Sorry Barry, maybe next time.

Reactions: Like 1


----------



## Steve in VA (Jan 18, 2021)

All I can say is it's a good thing Tim didn't decide on doing a glue up for the next turning challenge! You and Barry are off the charts with these!!!

Reactions: Thank You! 1 | Agree 2


----------



## Mike1950 (Jan 18, 2021)

1. floor is so clean it scares me!! 2. Only a turner can turn a half a Pickup load of wood and 2 bottles of glue into one vase..... sheeesh.

Reactions: Like 1 | Funny 7


----------



## barry richardson (Jan 18, 2021)

Just looking at your piece again Tom, that form is superb!

Reactions: Thank You! 1 | +Karma 1


----------



## Mike Hill (Jan 18, 2021)

FANTASTIC. I kinda have a different opinion. I think the taller, narrower forms show off the curves very well. sorta sinewy

Reactions: Like 1 | Thank You! 1


----------



## William Tanner (Jan 18, 2021)

Beautiful. No nit picks at all on the form. Spot on and so pleasing to the eye. I agree on thinner sections but then add more osage. But then this comes from a guy who likes to consume buttermilk and black licorice together.
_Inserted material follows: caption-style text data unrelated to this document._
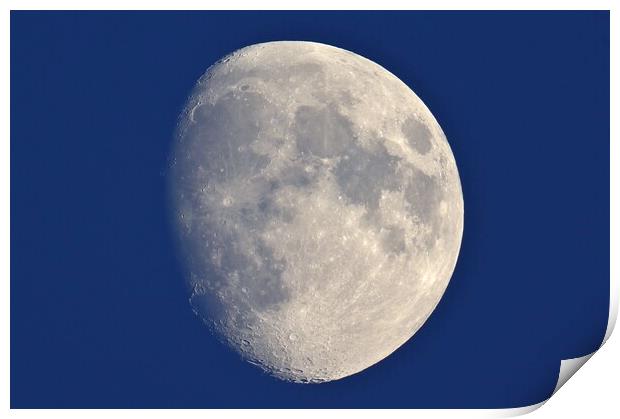 Evening Moon Print by Susan Snow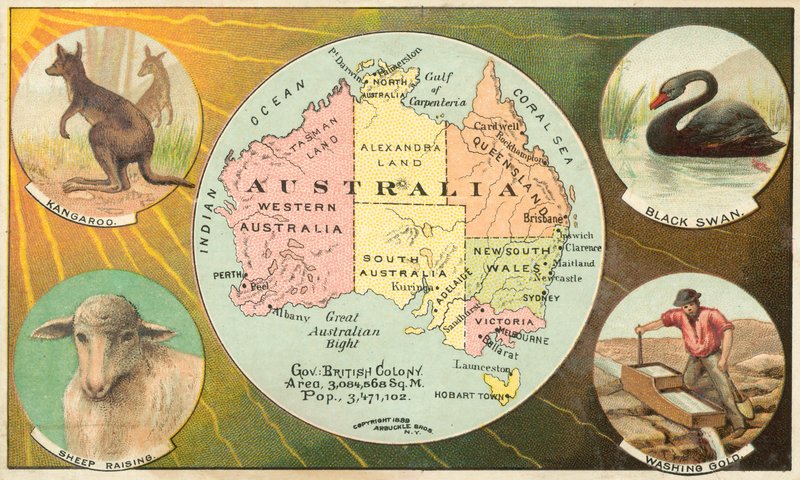 Austrálie od American School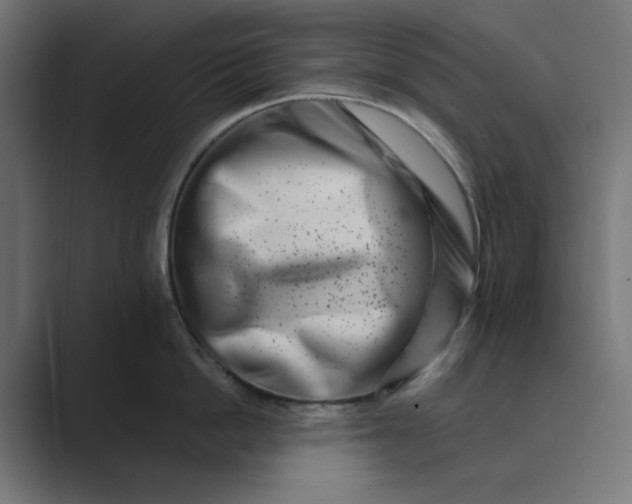 X0000089440862200706291424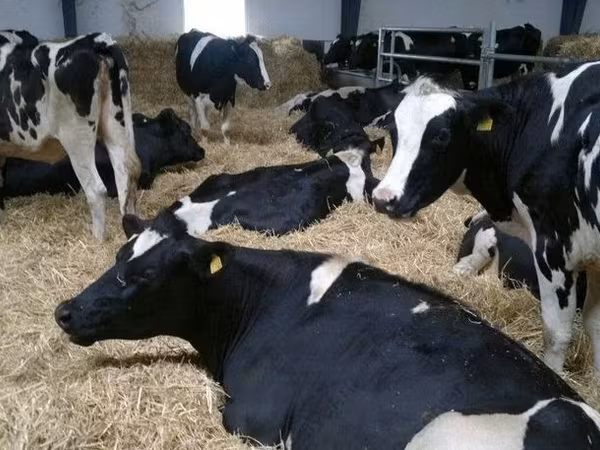 Vaca, Raza Holstein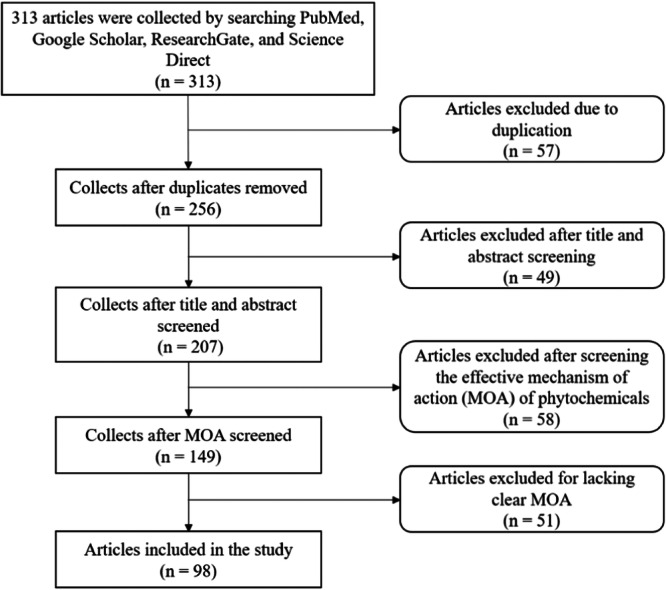 Schematic presentation of the search and selection of relevant literature.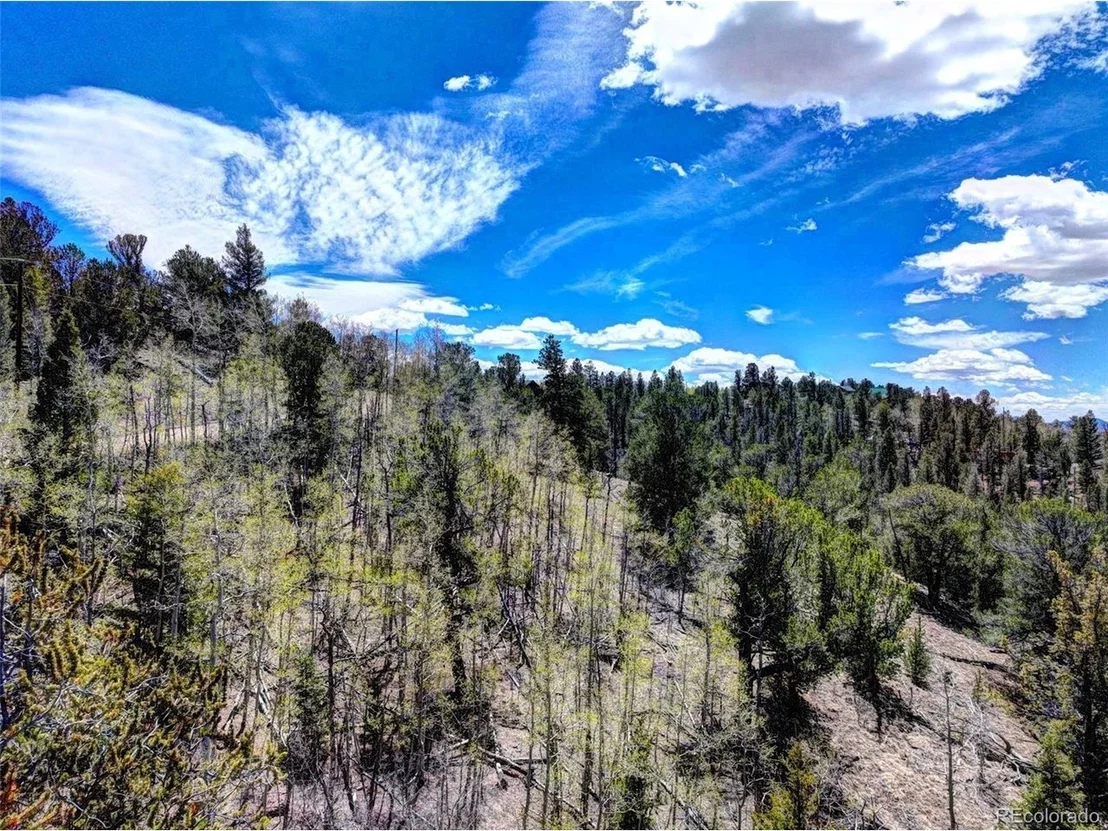 Photo of 194 Bufflehead Cir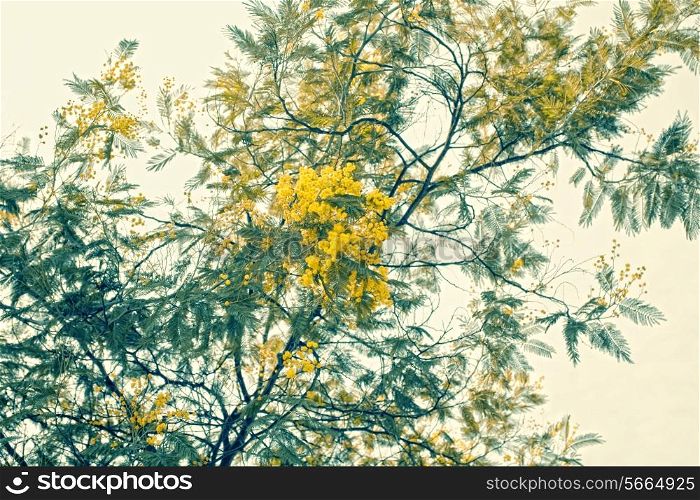 mimosa branch with yellow flowers against the sky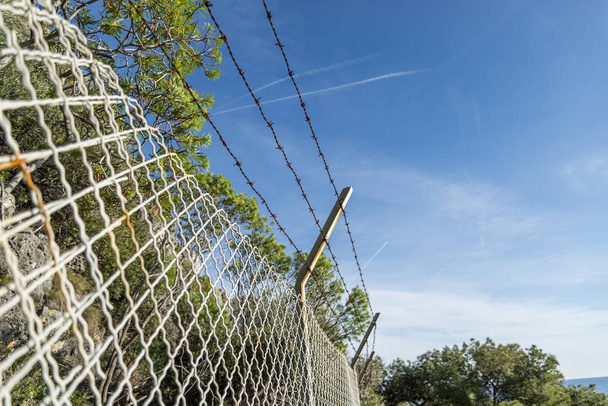 Anti-inbraak metalen gaas hek in een mediterraan bos - Foto, afbeelding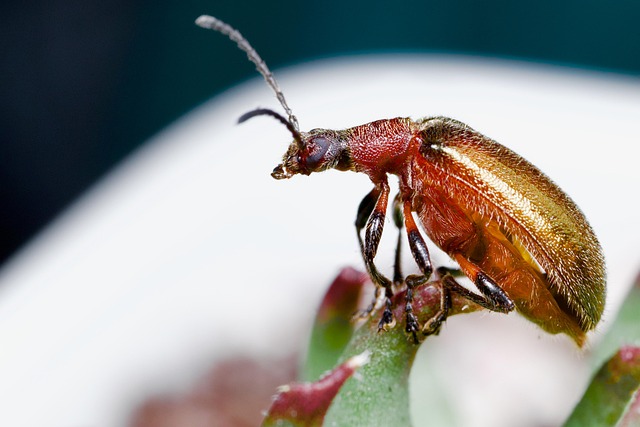 Honigbrauner Käfer, Käfer, Insekt, Natur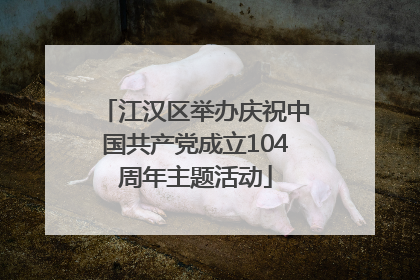 江汉区举办庆祝中国共产党成立104周年主题活动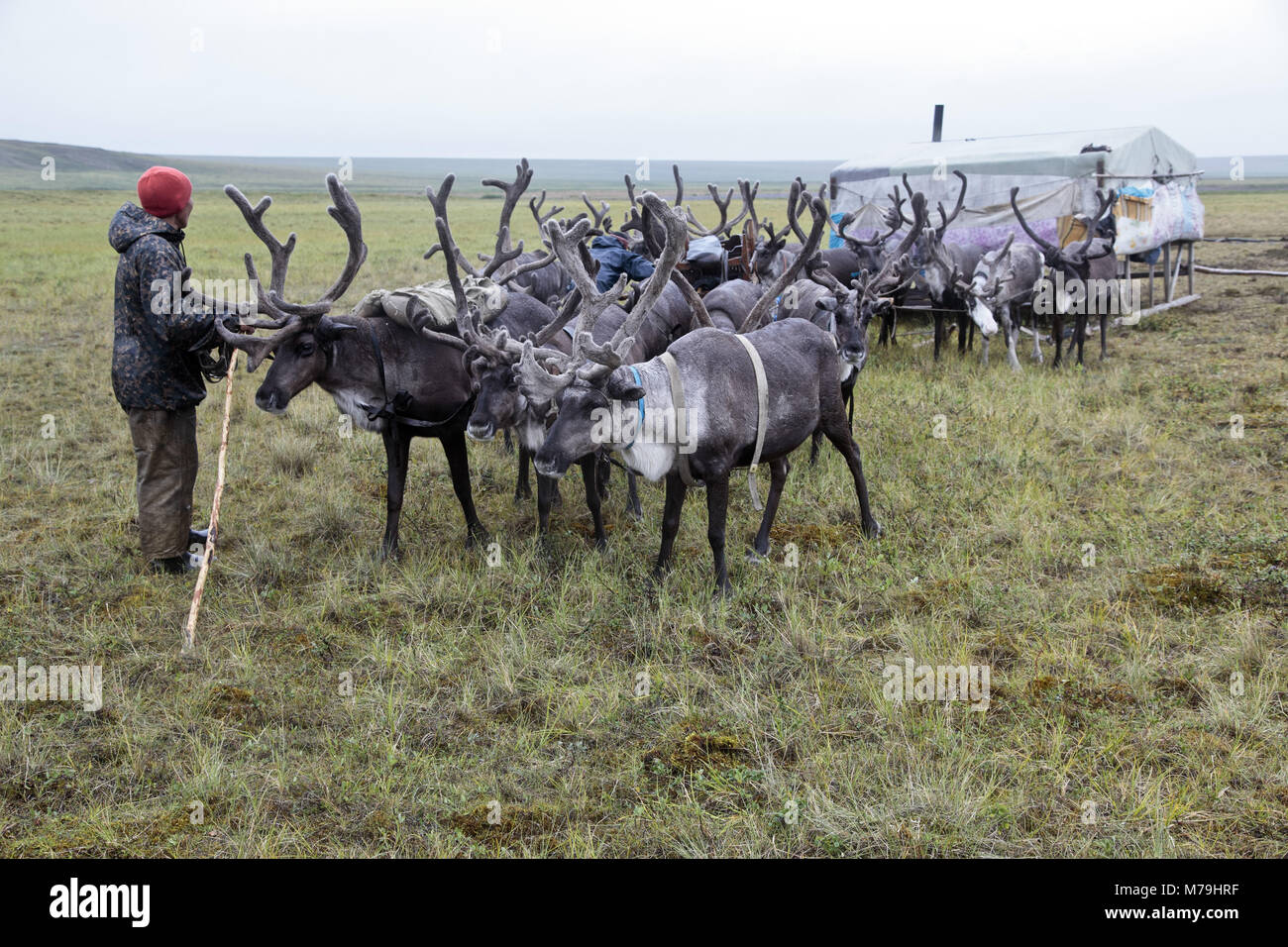 Asia, Russia, Siberia, region of Krasnojarsk, Taimyr peninsula, reindeer nomads, reindeer slide, Balok, Stock Photo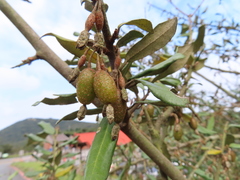 Elaeagnus formosana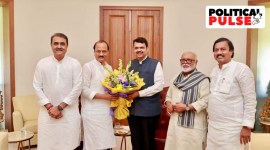 pulse ajit pawar devendra fadnavis bonhomie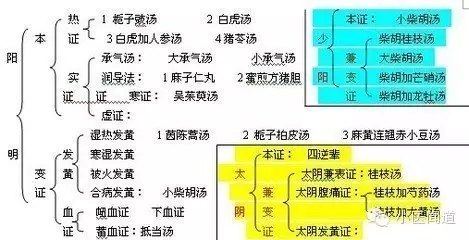 六经辩证是中医辨证的灵魂各种辩证体系的联系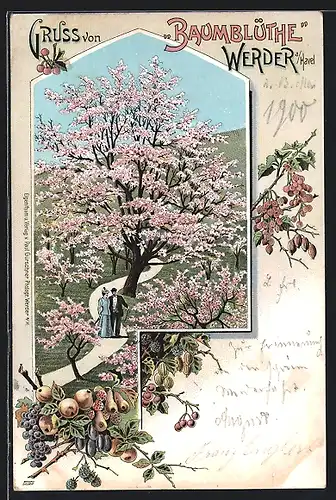 Lithographie Werder a. Havel, Spaziergänger zur Zeit der Baumblüthe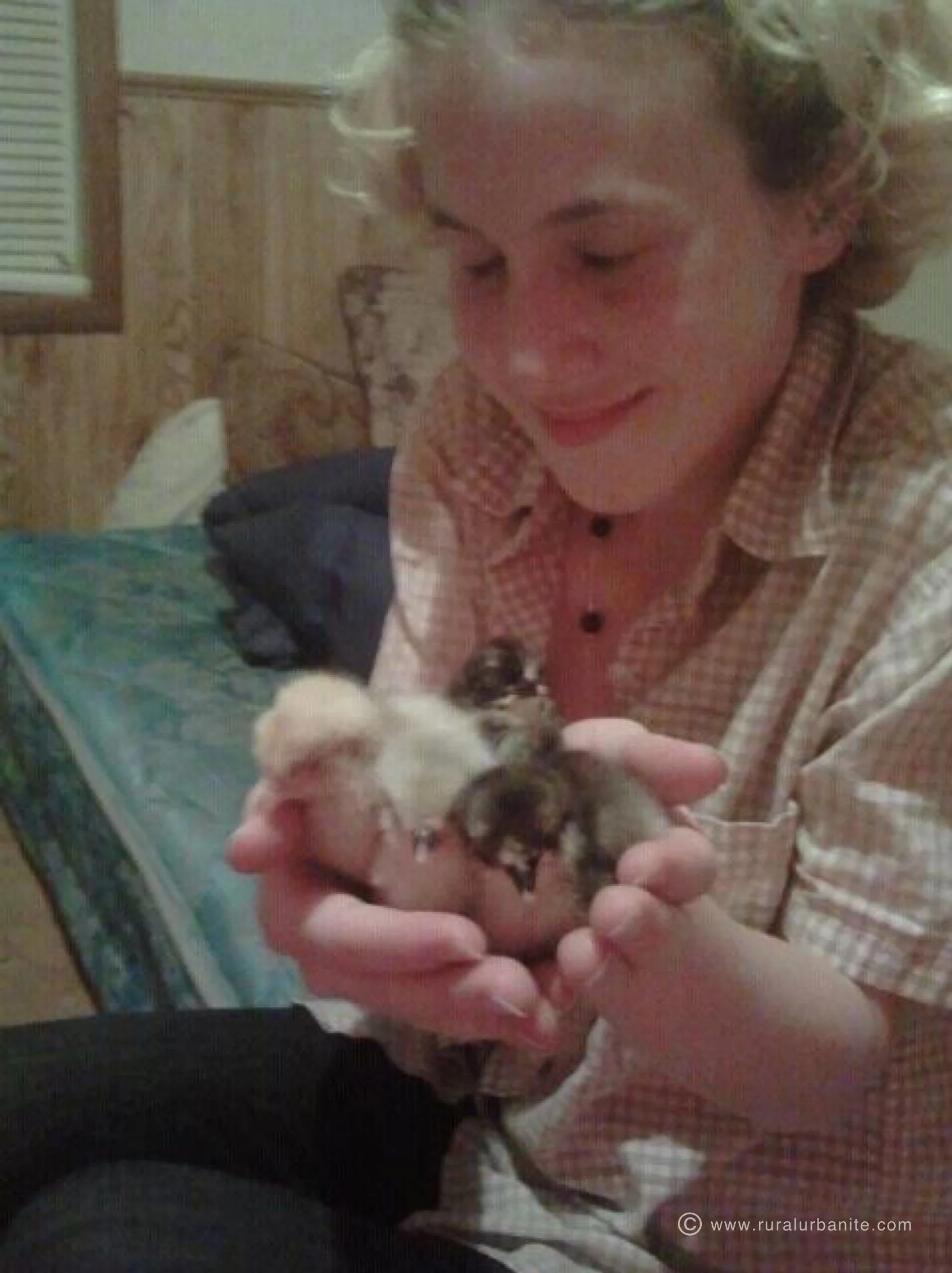 Look At The Sweetest Fuzzies!!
Reactions: Like 1 | Thank You! 1


----------



## Mike Hill (Jan 18, 2021)

William Tanner said:


> But then this comes from a guy who likes to consume buttermilk and black licorice together.


Ok, that's even weird for me!

Reactions: Agree 2 | Funny 1


----------



## Barb (Jan 18, 2021)

That's a beautiful vase!

Reactions: Thank You! 1


----------



## Tom Smart (Jan 18, 2021)

Mike1950 said:


> 1. floor is so clean it scares me!! 2. Only a turner can turn a half a Pickup load of wood and 2 bottles of glue into one vase..... sheeesh.


And that’s just about what it took.

Reactions: Funny 1


----------



## Tom Smart (Jan 18, 2021)

barry richardson said:


> Just looking at your piece again Tom, that form is superb!


Thanks, Barry. I’m still partial to your more rounded form, but to get that I needed another layer to make it fatter or to just make it shorter.


----------



## trc65 (Jan 18, 2021)

Steve in VA said:


> All I can say is it's a good thing Tim didn't decide on doing a glue up for the next turning challenge! You and Barry are off the charts with these!!!


I wanted to so bad! I'm inspired by both Tom and Barry's work and that was my pick for the challenge, but thought others might be intimidated by the size and quality of their recent work. I still think it should be a challenge at some point. I'm certainly going to be experimenting with this, although on a much smaller scale.

Reactions: Like 1 | Agree 1


----------



## barry richardson (Jan 18, 2021)

trc65 said:


> I wanted to so bad! I'm inspired by both Tom and Barry's work and that was my pick for the challenge, but thought others might be intimidated by the size and quality of their recent work. I still think it should be a challenge at some point. I'm certainly going to be experimenting with this, although on a much smaller scale.


Also, a jointer or drum sander is pretty essential for these, and a lot of turners may have those....

Reactions: Like 1 | Agree 1


----------



## Maverick (Jan 18, 2021)

Great job, I like the shape and randomness.

Reactions: Thank You! 1 | Agree 1


----------